● Task prompt: Please retype every record exactly as it appears, omitting the pictures.

● Input material:
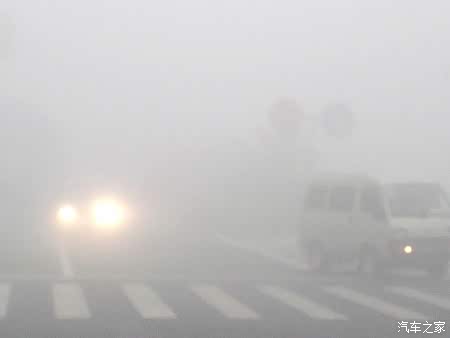 【大雾引发事故 教您如何来保持视线清晰_捷亚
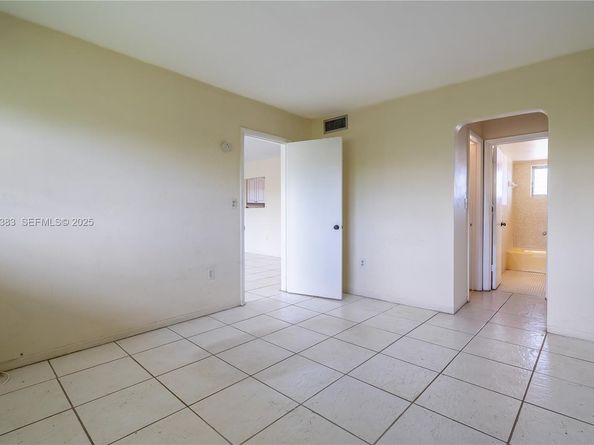 2929 Point East A303, Aventura FL 33160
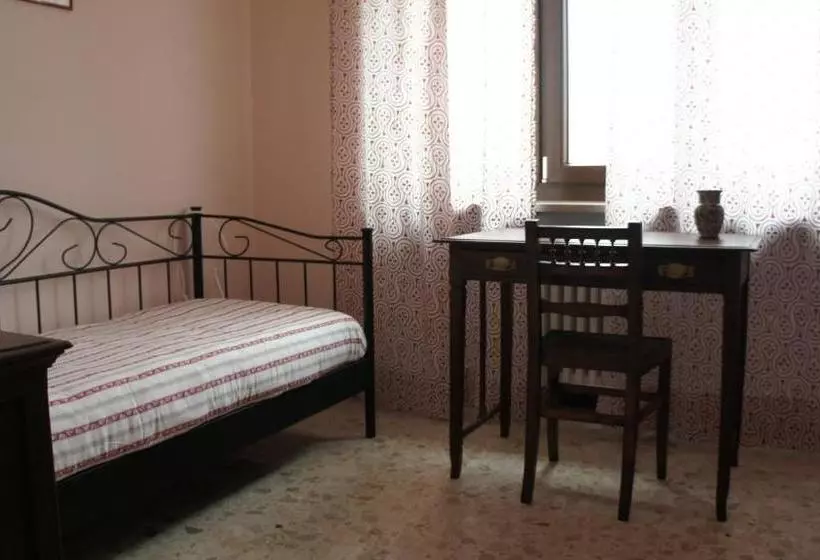 Aamiaismajoitus (B&B) Il Piccione Viaggiatore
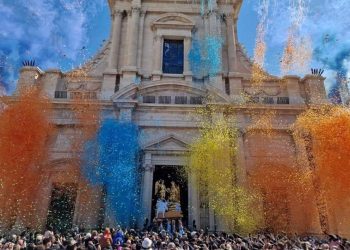 Paci a Comiso: un tripudio di colori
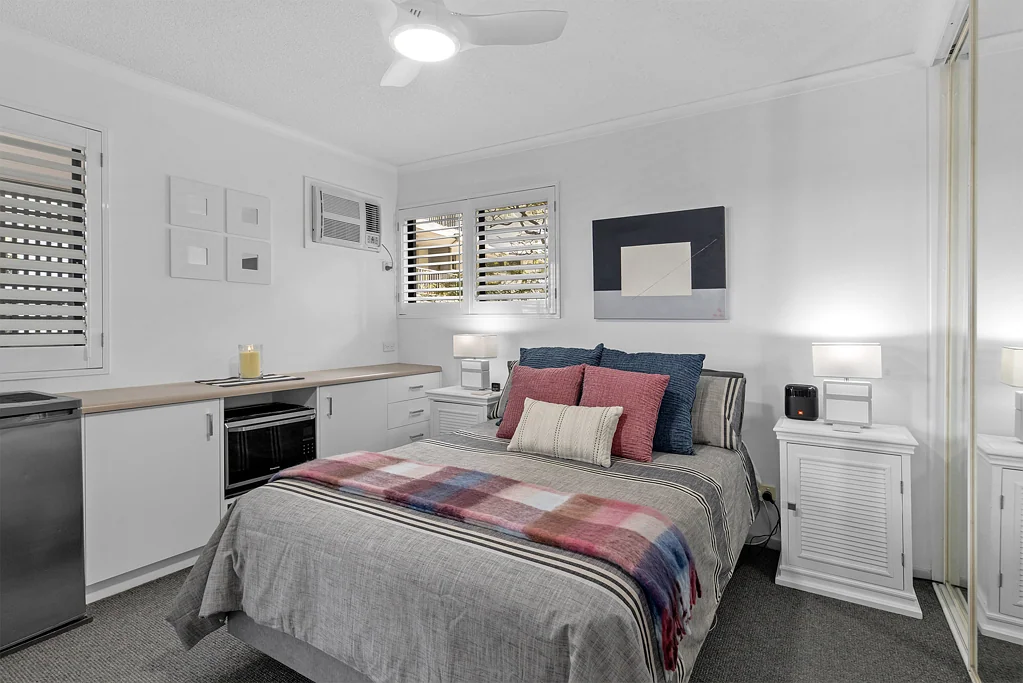 Kangaroo Point 1房 Kangaroo Point中心地 宽敞18平米阳台 安全电梯公寓 现场泳池 停车位近河岸步道 城市便利生活 Affordable Living in the Heart of Kangaroo Point
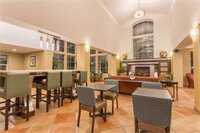 Фото Holiday Inn Express Hotel & Suites Manteca, an Ihg Hotel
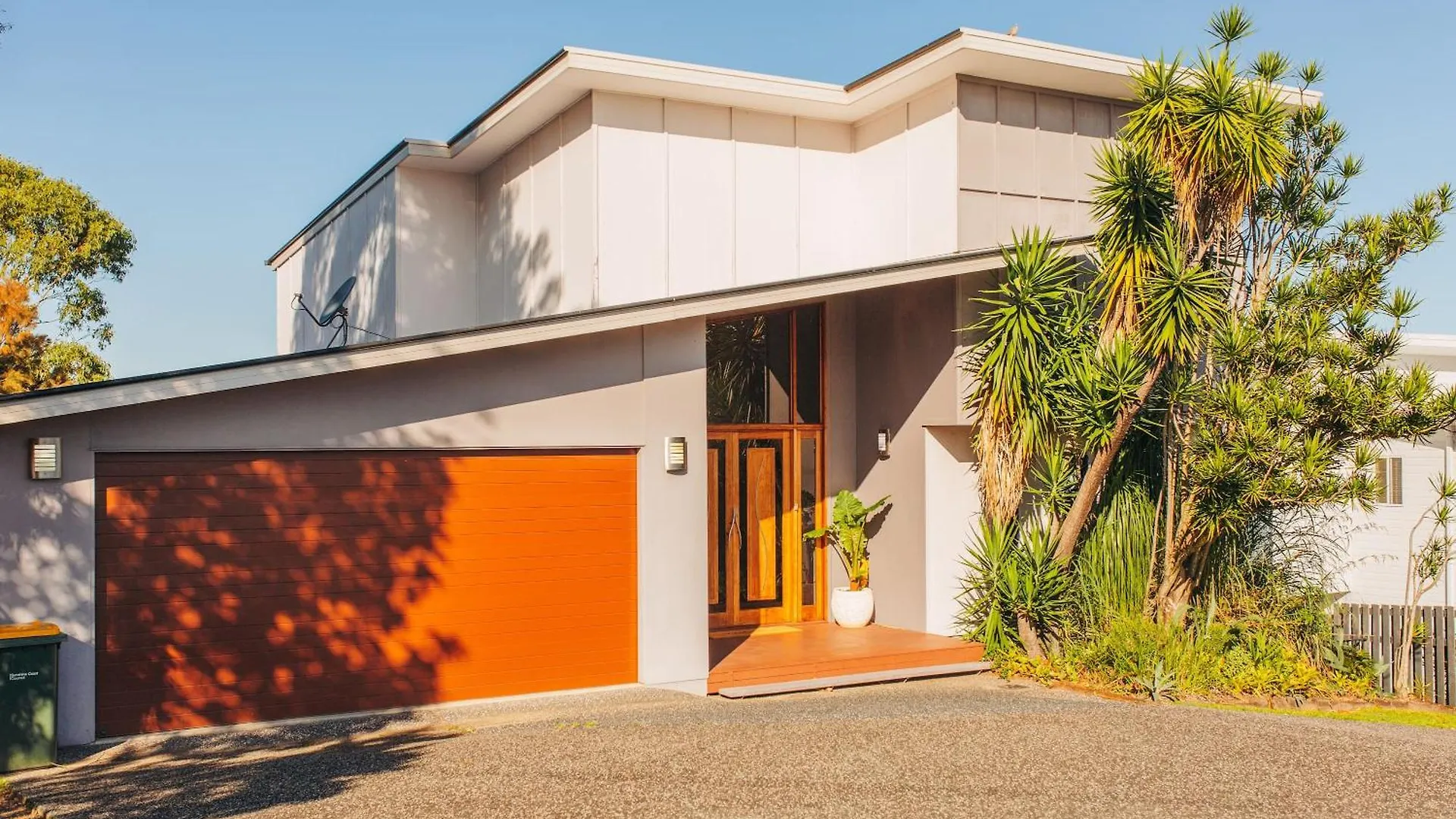 Cheerful Family Home With Stunning Views Caloundra Holiday home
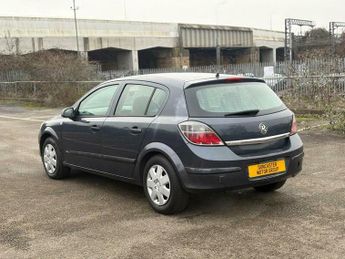 Vauxhall Astra 1.8i 16v Life 5dr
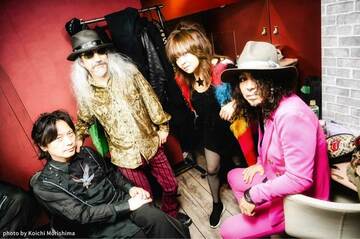  中山加奈子率いる「VooDoo　Hawaiians」（写真・Koich　Morishima）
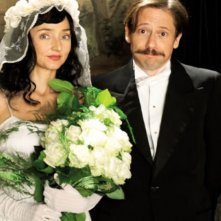 Pollo alle prugne: Mathieu Amalric e Maria de Medeiros in una scena del film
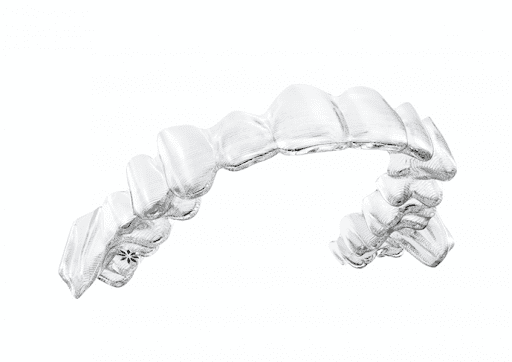 インビザラインという透明なマウスピース矯正を行っています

● Expected answer:
 【大雾引发事故 教您如何来保持视线清晰_捷亚
 2929 Point East A303, Aventura FL 33160
 Aamiaismajoitus (B&B) Il Piccione Viaggiatore
 Paci a Comiso: un tripudio di colori
 Kangaroo Point 1房 Kangaroo Point中心地 宽敞18平米阳台 安全电梯公寓 现场泳池 停车位近河岸步道 城市便利生活 Affordable Living in the Heart of Kangaroo Point
 Фото Holiday Inn Express Hotel & Suites Manteca, an Ihg Hotel
 Cheerful Family Home With Stunning Views Caloundra Holiday home
 Vauxhall Astra 1.8i 16v Life 5dr
  中山加奈子率いる「VooDoo　Hawaiians」（写真・Koich　Morishima）
 Pollo alle prugne: Mathieu Amalric e Maria de Medeiros in una scena del film
 インビザラインという透明なマウスピース矯正を行っています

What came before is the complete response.